Banks requiring personal guarantees was simply ignored by the regulator. That said, if you recommend conservative levels of gearing, only proceed to give advice on funds that have adequate reserves and can implement a diversified portfolio as well as a property, than many of the issues you allude to will be minimised.
True in theory, but most SMSF property purchases using LRBAs are focused on maximising property purchase amount, which generally means high gearing, low reserves, and no diversification.
Thanks Labor and ISA Fund Trolls for your concerns.
Yes the limited recourse / guarantees are silly, as the lenders & the ATO related party i rates are higher for this supposed extra risk, when in fact there is generally no such risk due to personal guarantees.

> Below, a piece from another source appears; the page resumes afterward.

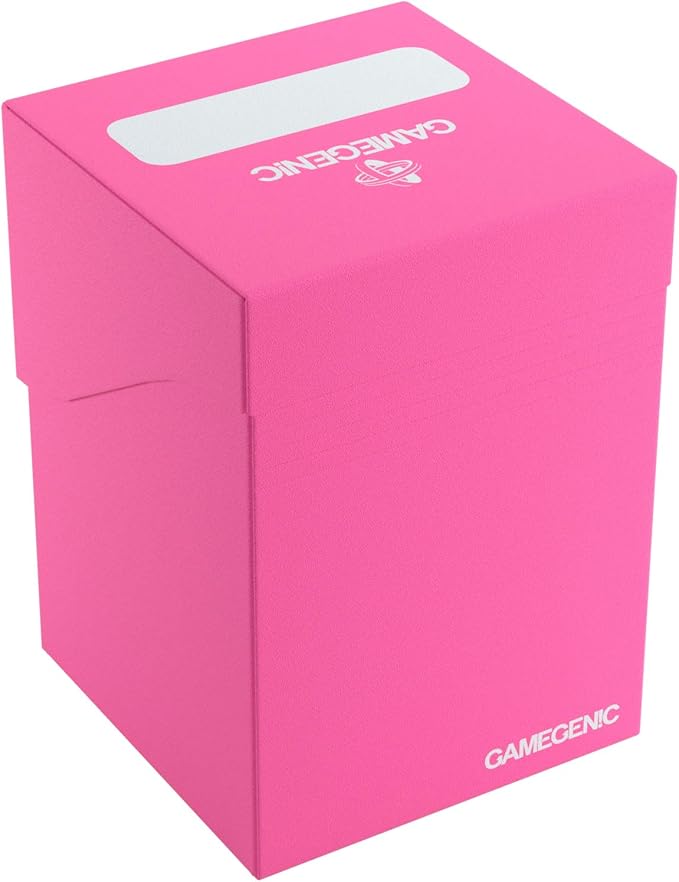 Gamegenic Deck Holder 100+ Pink Deck Box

Please advise of the problems you allude too actually occurring ?
There certainly is NOT a mass wipe out of SMSF LRBA’s ever recorded. So your concerns are theoretical and not reality on any scale of concern.
I guess on your theory ISA Funds should be banned from gearing into investments too via developments, infrastructure, etc. that often carry significant debts.
The situation is somewhat analogous to Storm Financial. The strategy they used made a lot of clients, advisers and lenders a lot of money, and everyone (including lazy regulators) was very happy with it. Right up until the time a sudden change in market conditions brought the underlying risks to the surface. The risks of a flawed financial strategy do not go away because of a long period without them being realised.
You are right that my concerns about LRBAs with personal guarantees are theoretical at this stage. Just as my concerns about Storm Financial were theoretical for most of Storm’s existence. But they are concerns founded in financial education and professional responsibility. Not, I assure you, any association with or preference for, union super.
(BTW nearly all super funds of all types invest in geared assets. Most shares have some level of gearing on their balance sheet. The problem with LRBAs is not gearing per se. It is the combination of gearing with personal guarantees by the fund member.)
Targeting LRBAs in SMSFs would be more about Labor playing class wars instead of addressing the broader issue. Targetting negative gearing does that. The whole issue with their franking credit policy – it targeted SMSFs rather than having a broader policy such as everyone can only claim 80% of franking credits they receive. Targeting LRBAs would show Labor has learned nothing, or at their core they are about class warfare rather than good policy.